Programmstörung Internet - Das Ende der TV-Ära

Internetfähige Fernseher erobern die Wohnzimmer, die Tagesschau läuft auf dem Handy, Filme werden auf dem iPad geguckt – die Medienwelt steckt mitten in einer Revolution, die unsere Öffentlichkeit strukturell verändert

ARD, ZDF, RTL, SAT.1 hier – das World Wide Web dort: In wenigen Monaten ist das Vergangenheit. Denn derzeit werden auf der ganzen Welt die letzten Zäune zwischen dem herkömmlichen Programmfernsehen und dem Internet eingerissen. Dabei verabschieden wir uns immer mehr vom linearen Fernsehprogramm. Jeder ist sein eigener Programmgestalter. Zwei Milliarden Menschen nutzen täglich Youtube, 35 Stunden an Videos werden pro Minute bei Googles Tochterunternehmen hochgeladen.

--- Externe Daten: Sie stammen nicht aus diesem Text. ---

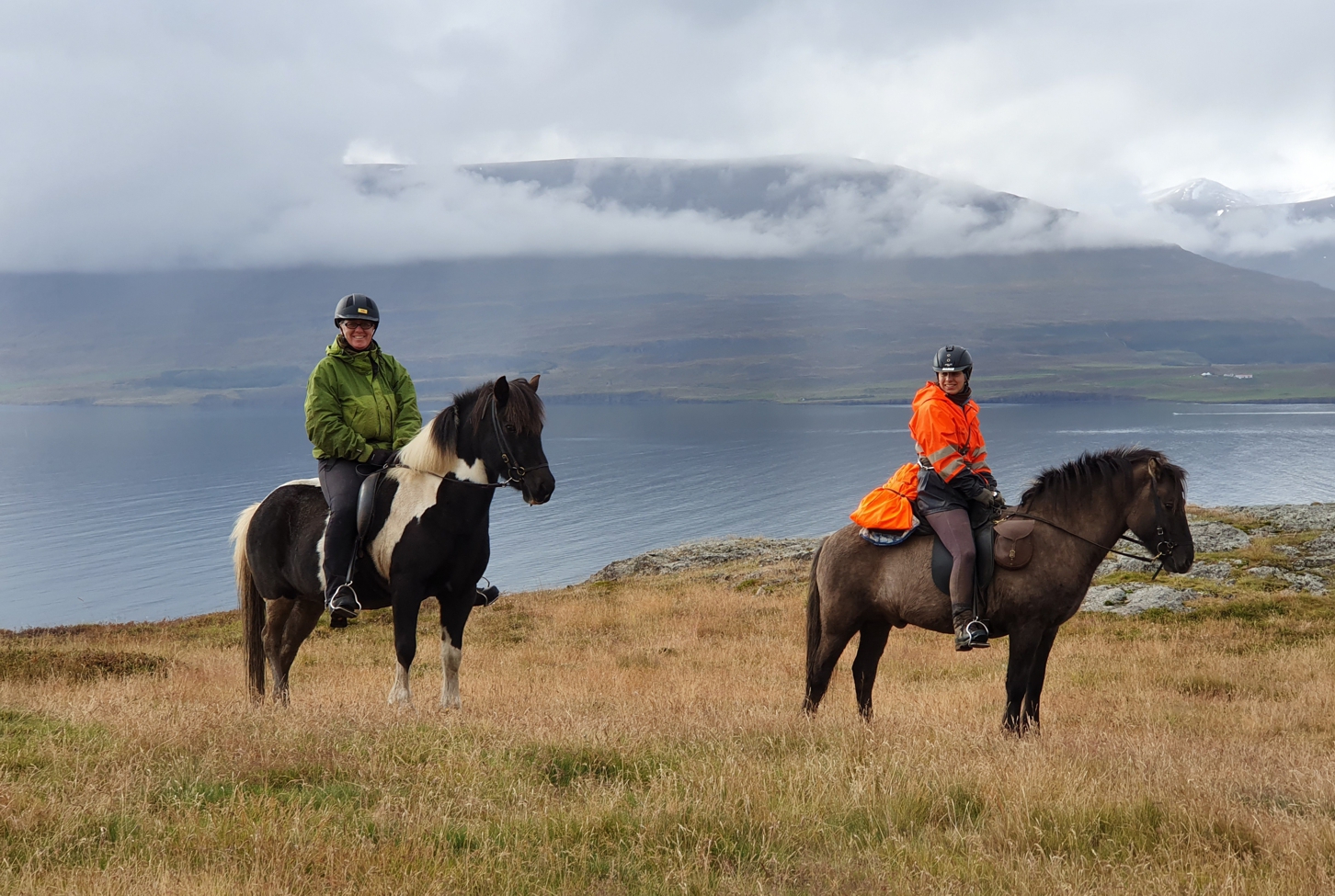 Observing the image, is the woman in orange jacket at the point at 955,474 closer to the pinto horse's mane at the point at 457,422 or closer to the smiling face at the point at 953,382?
the smiling face at the point at 953,382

Zwar wird der Fernseher nicht aus dem Wohnzimmer verschwinden, aber er wird in Zukunft selbst online gehen können – und nur noch eines von mehreren Abspielgeräten sein. Mausklick statt Fernbedienung – schon heute laden wir uns immer häufiger Filme und ganze Serien aus dem Netz. Je jünger die Nutzer, desto häufiger. Über internetfähige Smart-TVs wird bald gegoogelt und geskyped, auch Zeitungen und E-Mails lassen sich so lesen, nebenbei auf einem Split-Screen, während auf dem Hauptbild Fußball läuft.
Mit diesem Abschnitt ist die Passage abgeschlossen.